**DATA LISTING:**
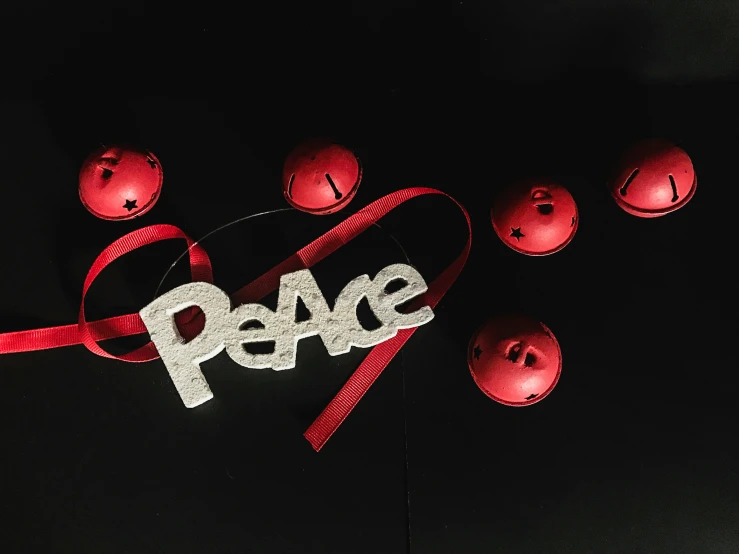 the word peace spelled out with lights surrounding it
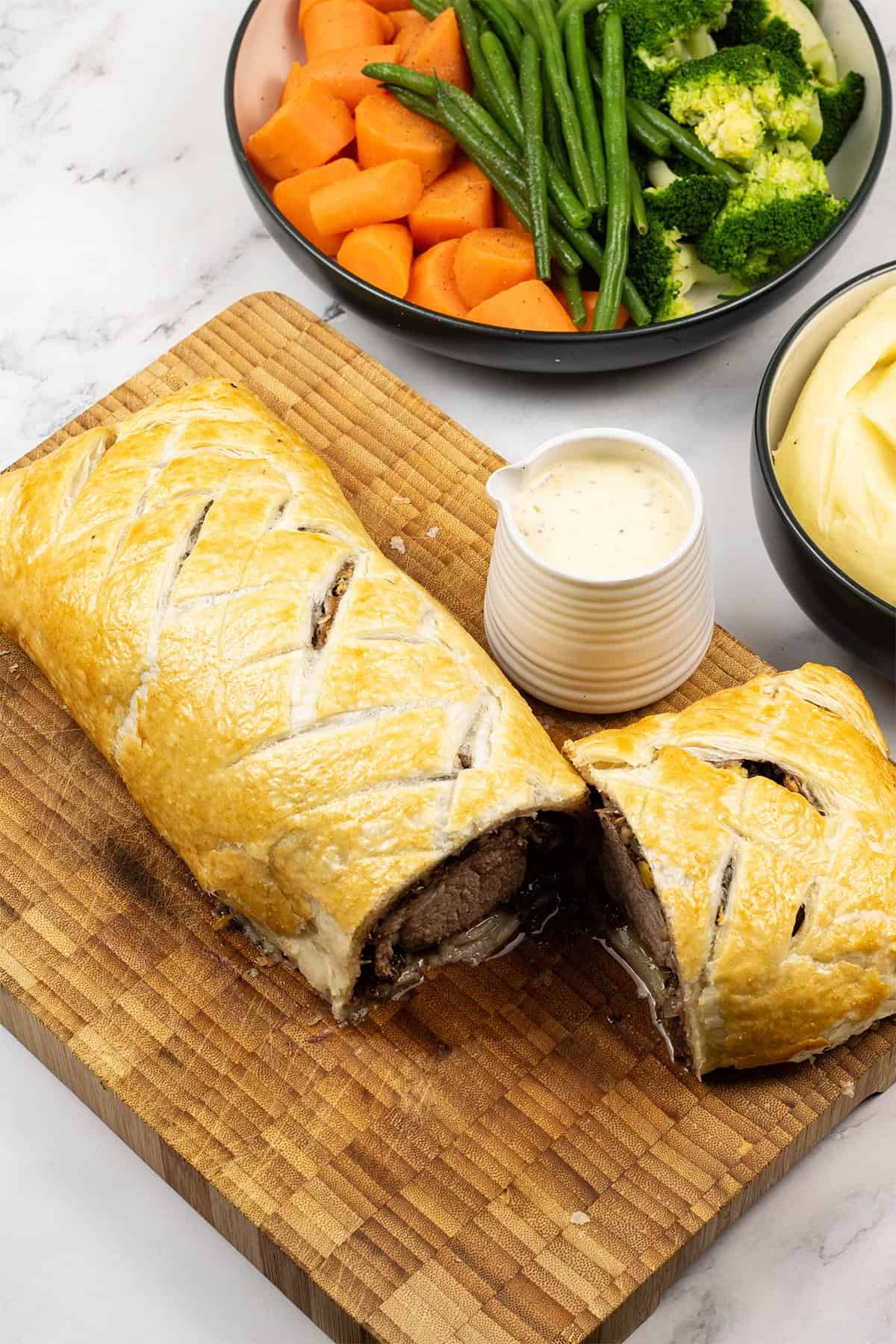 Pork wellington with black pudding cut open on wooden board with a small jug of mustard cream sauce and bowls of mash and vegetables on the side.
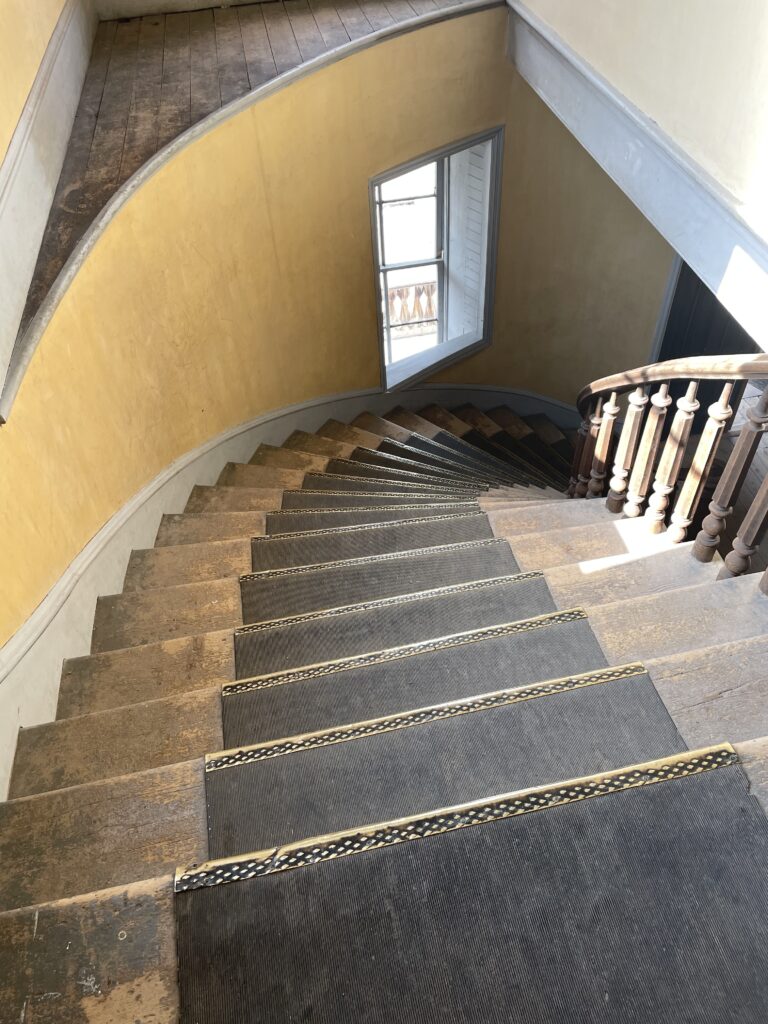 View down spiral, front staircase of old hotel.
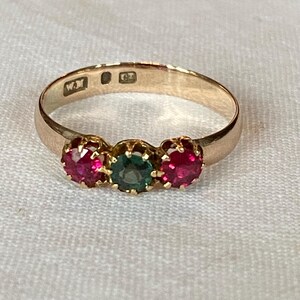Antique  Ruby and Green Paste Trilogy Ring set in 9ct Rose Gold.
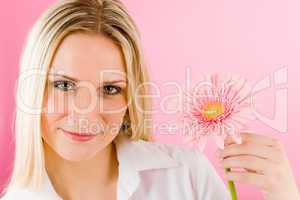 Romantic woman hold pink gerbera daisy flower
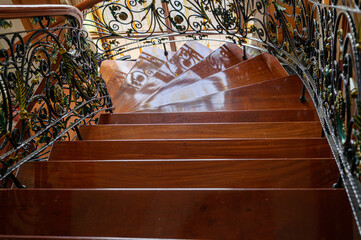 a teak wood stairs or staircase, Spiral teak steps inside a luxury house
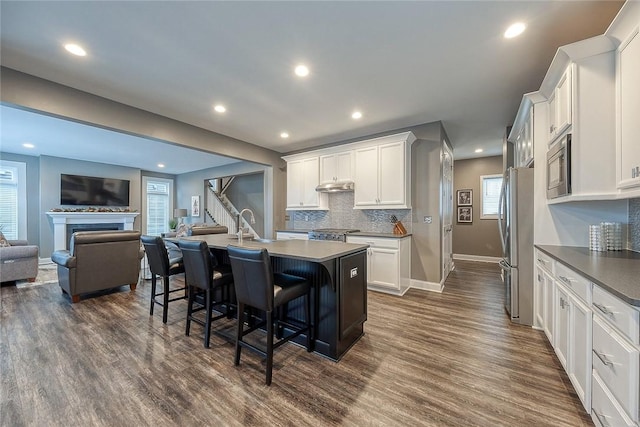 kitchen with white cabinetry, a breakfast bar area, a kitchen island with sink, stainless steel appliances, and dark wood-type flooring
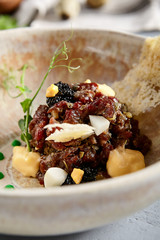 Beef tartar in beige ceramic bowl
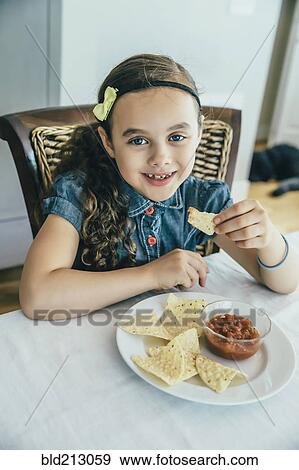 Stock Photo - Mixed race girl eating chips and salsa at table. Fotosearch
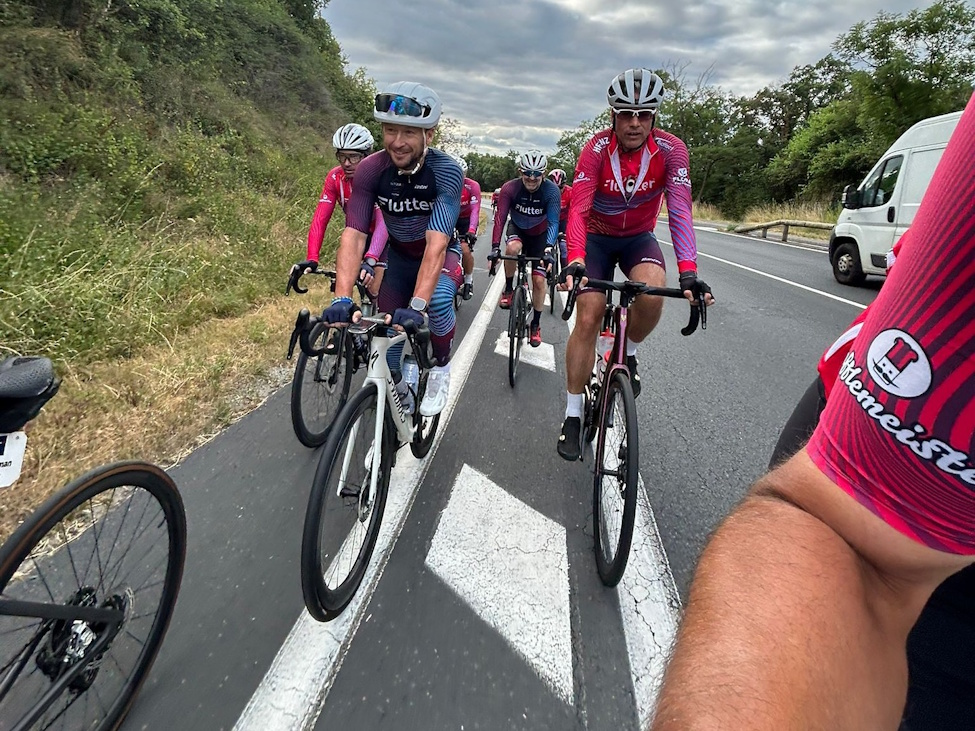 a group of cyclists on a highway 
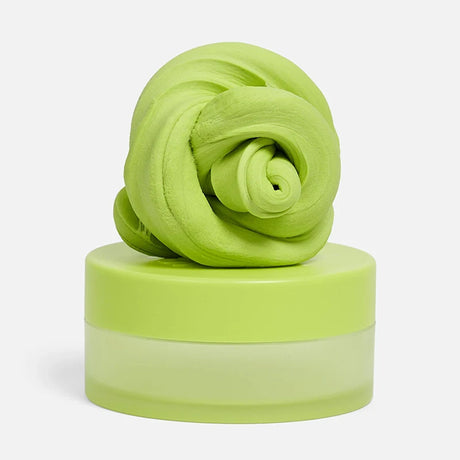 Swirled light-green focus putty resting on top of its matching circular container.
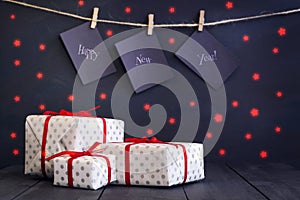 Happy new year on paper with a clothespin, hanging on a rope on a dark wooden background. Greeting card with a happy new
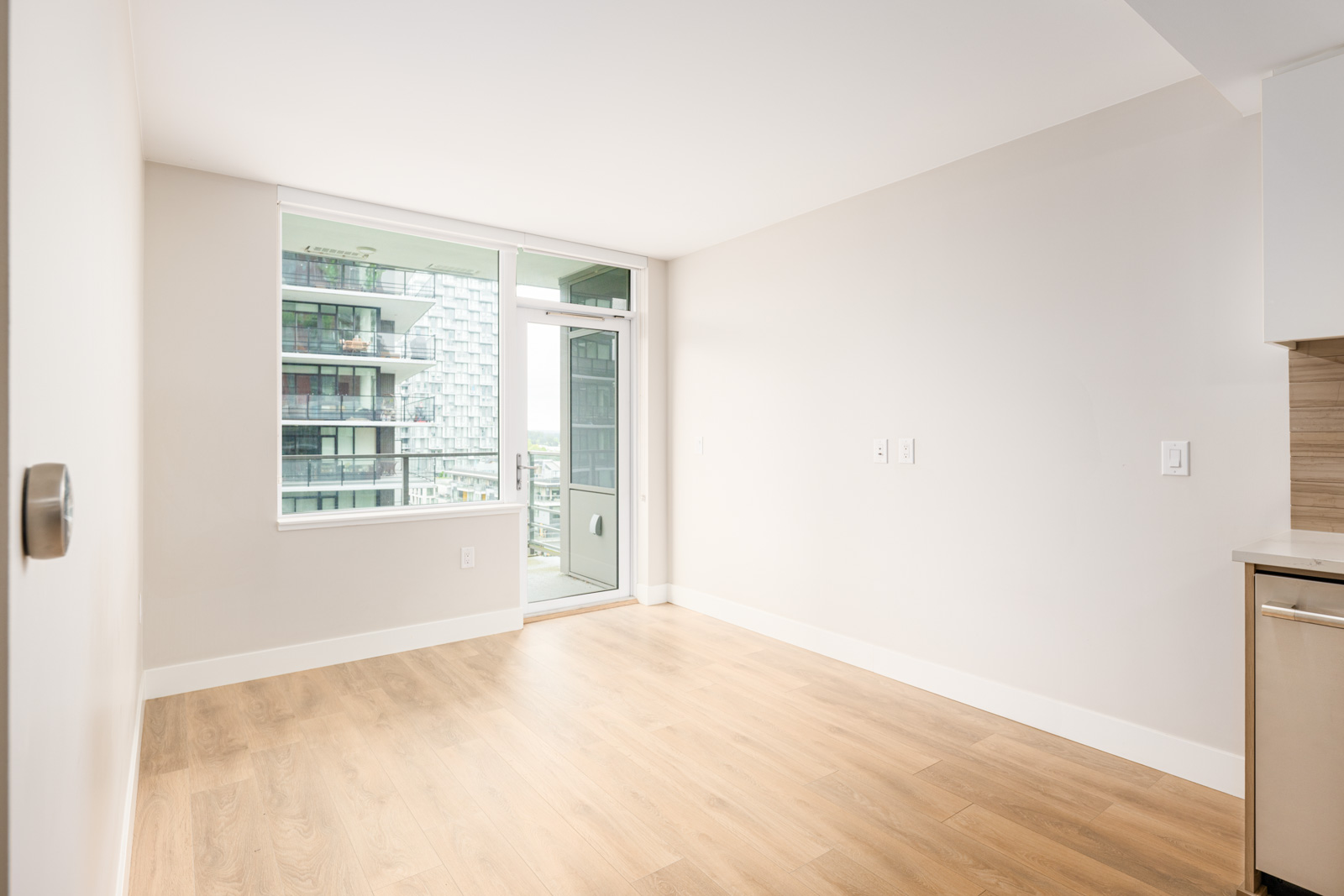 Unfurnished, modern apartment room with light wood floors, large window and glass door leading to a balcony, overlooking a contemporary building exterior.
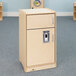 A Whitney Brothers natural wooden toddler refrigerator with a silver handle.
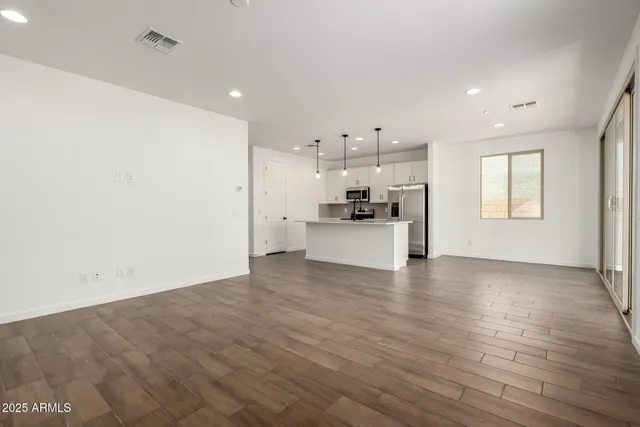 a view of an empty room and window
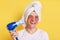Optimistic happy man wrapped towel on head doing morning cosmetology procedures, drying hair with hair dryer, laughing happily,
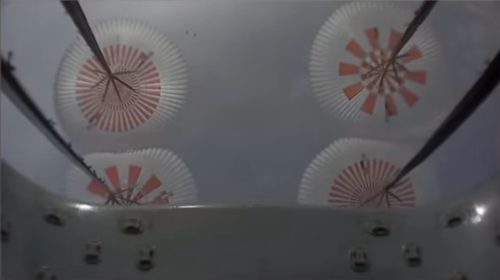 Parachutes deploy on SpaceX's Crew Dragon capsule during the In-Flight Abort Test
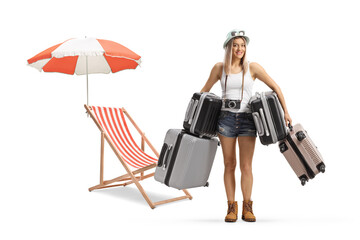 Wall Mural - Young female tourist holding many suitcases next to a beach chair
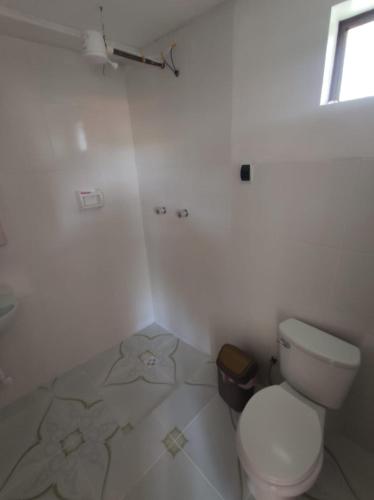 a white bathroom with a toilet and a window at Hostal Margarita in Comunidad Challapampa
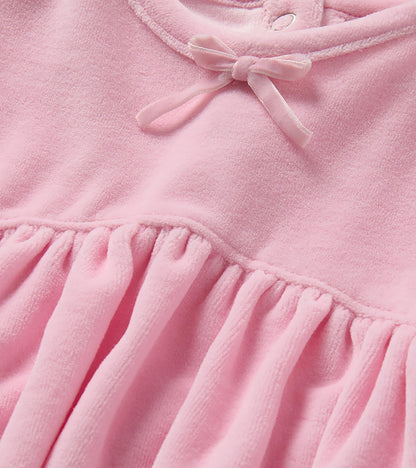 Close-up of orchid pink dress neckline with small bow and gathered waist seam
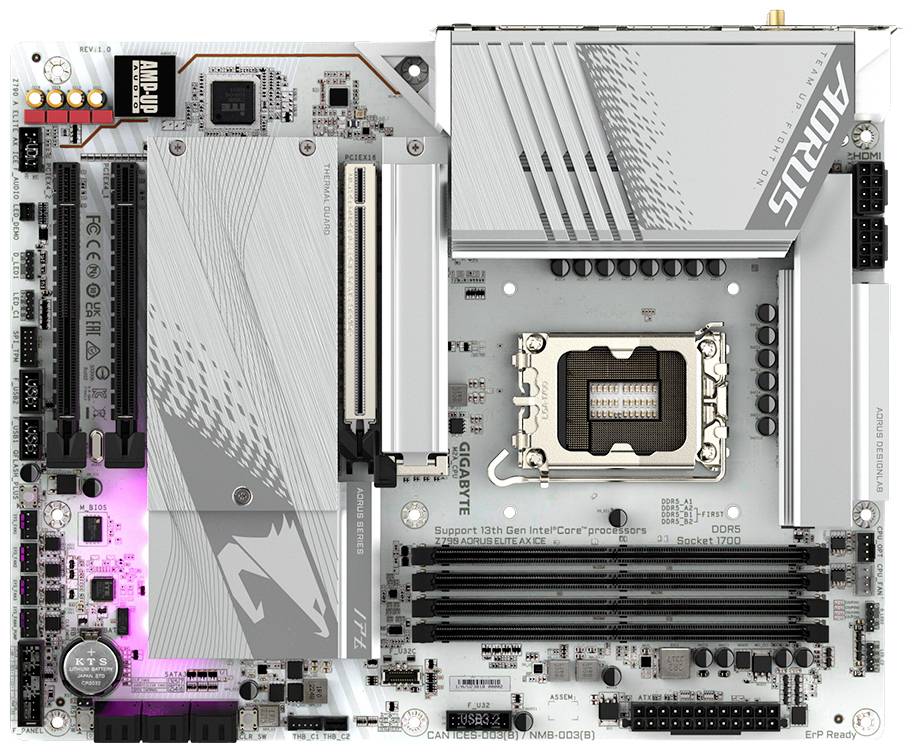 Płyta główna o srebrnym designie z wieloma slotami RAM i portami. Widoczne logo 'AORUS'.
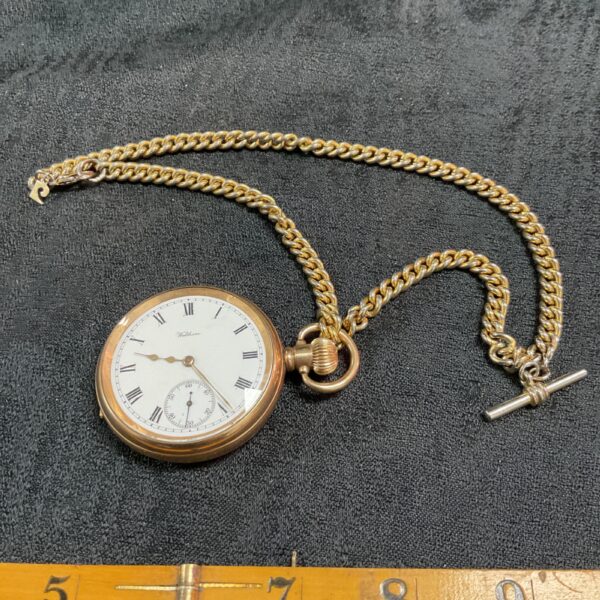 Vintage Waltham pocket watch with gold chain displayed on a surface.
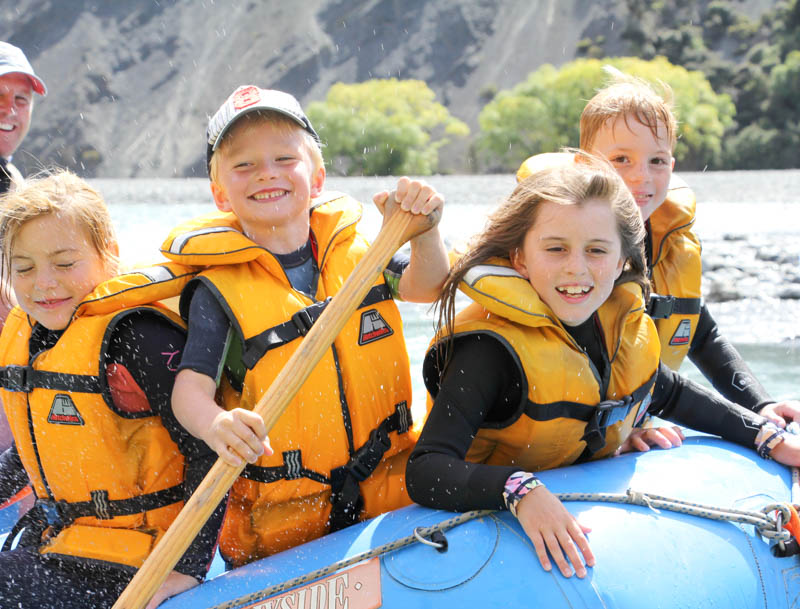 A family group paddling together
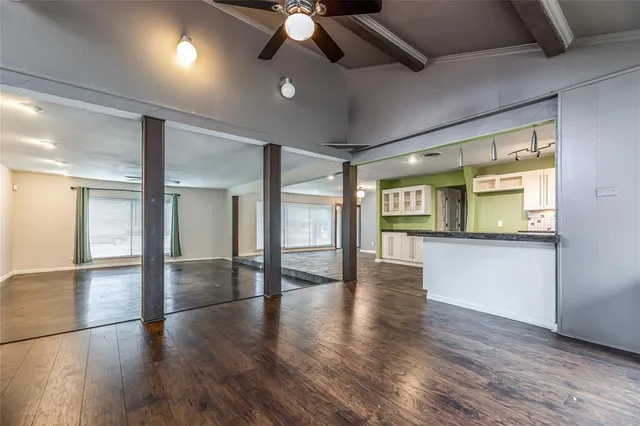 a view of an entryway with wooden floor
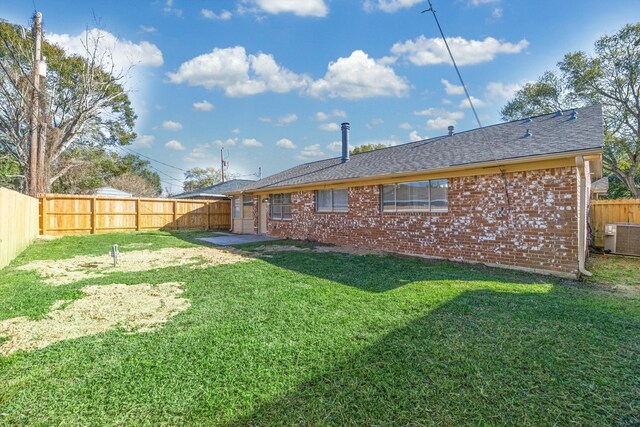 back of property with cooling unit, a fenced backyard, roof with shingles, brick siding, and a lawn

**YOUR GOAL:**
Write the data out again exactly, but without its images.

**YOUR SOLUTION:**
 the word peace spelled out with lights surrounding it
 Pork wellington with black pudding cut open on wooden board with a small jug of mustard cream sauce and bowls of mash and vegetables on the side.
 View down spiral, front staircase of old hotel.
Antique  Ruby and Green Paste Trilogy Ring set in 9ct Rose Gold.
 Romantic woman hold pink gerbera daisy flower
 a teak wood stairs or staircase, Spiral teak steps inside a luxury house
 kitchen with white cabinetry, a breakfast bar area, a kitchen island with sink, stainless steel appliances, and dark wood-type flooring
 Beef tartar in beige ceramic bowl
 Stock Photo - Mixed race girl eating chips and salsa at table. Fotosearch
 a group of cyclists on a highway 
 Swirled light-green focus putty resting on top of its matching circular container.
 Happy new year on paper with a clothespin, hanging on a rope on a dark wooden background. Greeting card with a happy new
 Unfurnished, modern apartment room with light wood floors, large window and glass door leading to a balcony, overlooking a contemporary building exterior.
 A Whitney Brothers natural wooden toddler refrigerator with a silver handle.
 a view of an empty room and window
Optimistic happy man wrapped towel on head doing morning cosmetology procedures, drying hair with hair dryer, laughing happily,
 Parachutes deploy on SpaceX's Crew Dragon capsule during the In-Flight Abort Test
 Wall Mural - Young female tourist holding many suitcases next to a beach chair
 a white bathroom with a toilet and a window at Hostal Margarita in Comunidad Challapampa
 Close-up of orchid pink dress neckline with small bow and gathered waist seam
 Płyta główna o srebrnym designie z wieloma slotami RAM i portami. Widoczne logo 'AORUS'.
 Vintage Waltham pocket watch with gold chain displayed on a surface.
 A family group paddling together
 a view of an entryway with wooden floor
 back of property with cooling unit, a fenced backyard, roof with shingles, brick siding, and a lawn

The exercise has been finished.